▸ Data shown:

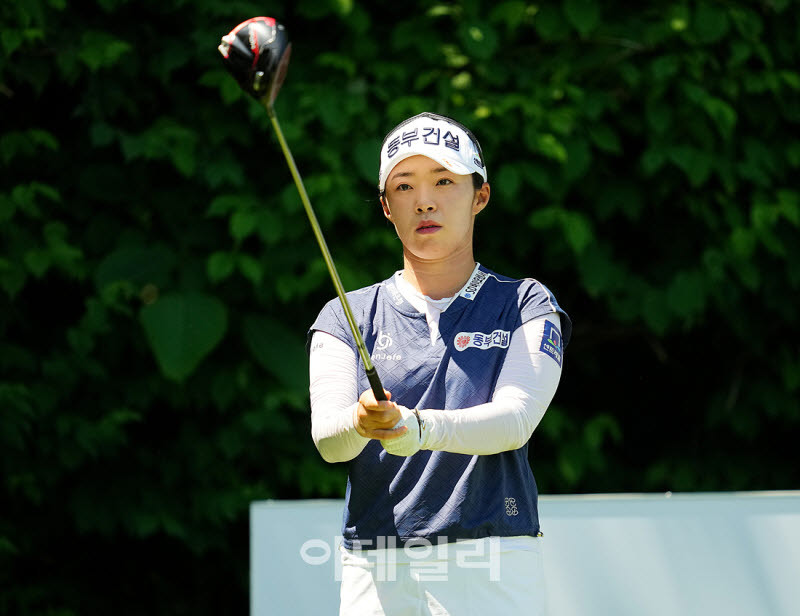 김수지,실수없는 티샷 조준                                                                                                                                                                         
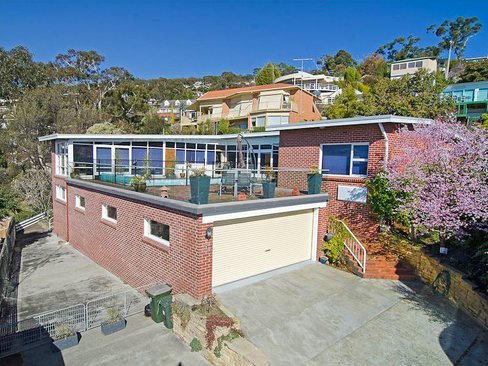 9 Primrose Place, SANDY BAY TAS 7005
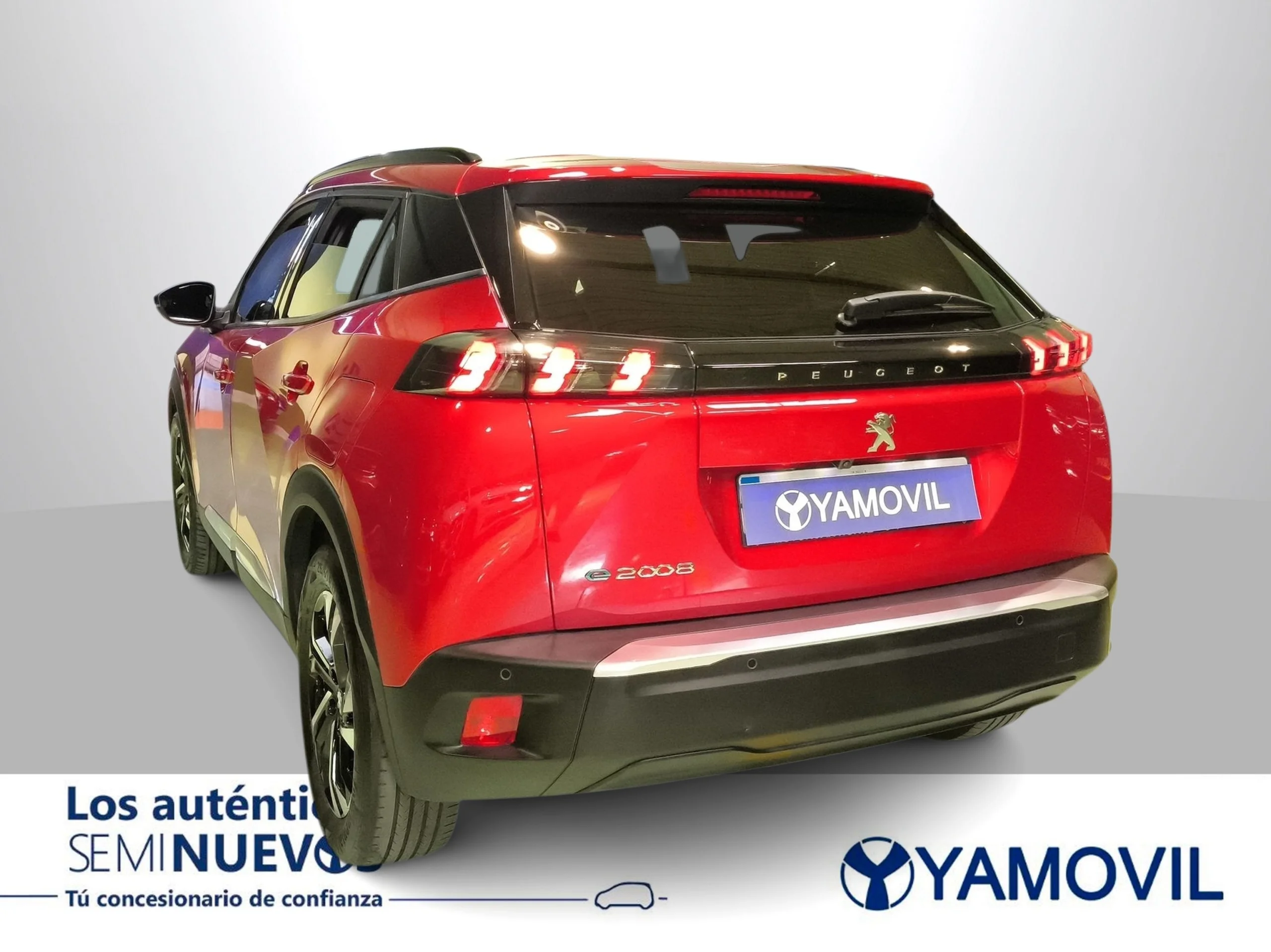 Peugeot E-2008 Eléctrico Allure Pack 100 kW (136 CV) - Foto 3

▸ Problem requirements: Give the listing again, exactly as it appears, but without its images.

▸ Answer section:
 김수지,실수없는 티샷 조준                                                                                                                                                                         
 9 Primrose Place, SANDY BAY TAS 7005
 Peugeot E-2008 Eléctrico Allure Pack 100 kW (136 CV) - Foto 3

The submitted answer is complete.